For now, though, here’s an interesting placebo-controlled study by scientists at Charité Hospital in Berlin. They orally gave heat-killed bacteria to infants at risk for allergic disease. This is like non-specific immune stimulation. It’s like having your innate immune system caressed. And it cut the rate of eczema in half — but only among children with one allergic parents. It didn’t help children with two allergic parents. Maybe their genetic vulnerability was too strong. It’s an interesting idea, though, a kind of emulation of what (presumably) happens with the farm effect. We’ll see if anyone can replicate.
Pollution?
What about pollution causing asthma and allergies, especially in that example of urban Beijing and the apparently non-allergic kids in the countryside around Beijing? Given the horrific stories of pollution — of not being able to see; ash collecting on everything — coming from China generally, shouldn’t we blame pollution in this case?

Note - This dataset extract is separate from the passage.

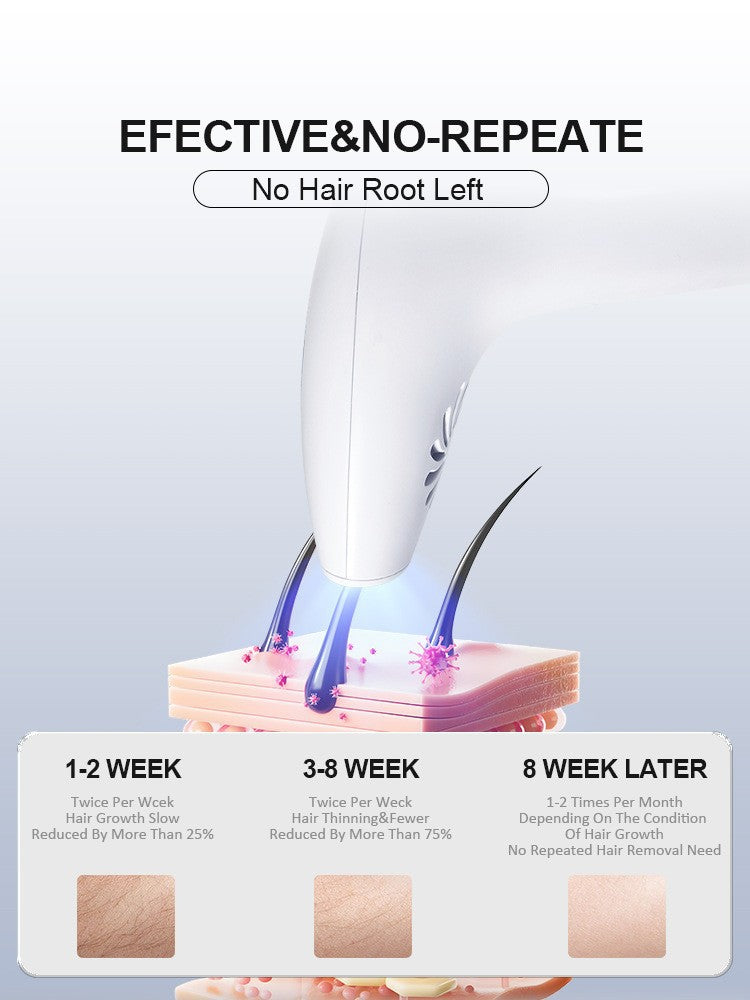 IPL Laser Hair Removal Handset for Women & Men - 900,000 Flashes Home Use Hair Remover Device for Face Body Bikini & Underarms - Painless & Effective Reduction - AU Plug Pink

(By the way, an interesting comparative study of sensitization in three Chinese cities — Hong Kong, Beijing and Guangzhou. Hong Kong is most allergic, Guangzhou least.)
Well, here’s the thing about pollution. There’s no doubt it’s bad for you. And it often correlates respiratory problems, like bronchitis. Many also suspect it in cardiovascular disease. Particulate pollution can lead to a low-grade systemic inflammation that’s just unhealthy any way you spin it.

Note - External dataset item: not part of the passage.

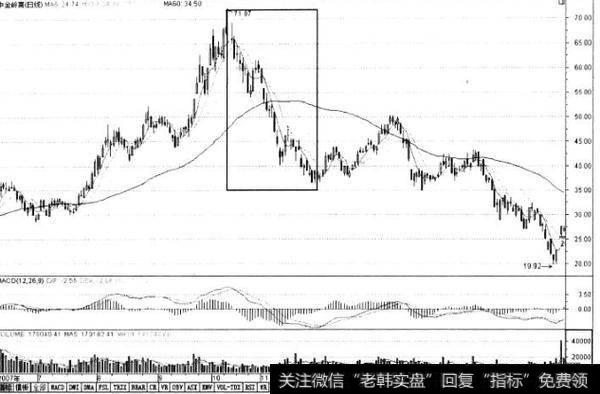 庄家出货的手法及卖点把握是什么？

But the literature really hasn’t made a convincing case that airborne pollution caused the allergy epidemic. First is the question of timing. Air quality in Western Europe and North America generally improved in the late 20th century, during the same period that we saw this explosion of allergic disease.
Here’s what the George Washington Bridge in NYC used to look like (from the EPA).
Moreover, one of the seminal observations of Erika Von Mutius back in the early 1990s was that once the Berlin Wall fell, contrary to her expectations, East Germans were much less allergic than West Germans. And that was DESPITE the fact that they lived in a far more polluted environment.
This baffling pattern was observed in other Eastern Bloc countries, it turned out. People were just less allergic than in the West. That started changing almost immediately. Now the rates with each younger generation are beginning to inch up toward those of Western Europeans.
So anyway, pollution may play a role. But is it responsible for the late 20th century “epidemic”? I think it may have an unfavorable effect prenatally in particular. But the epidemiology just doesn’t match more generally.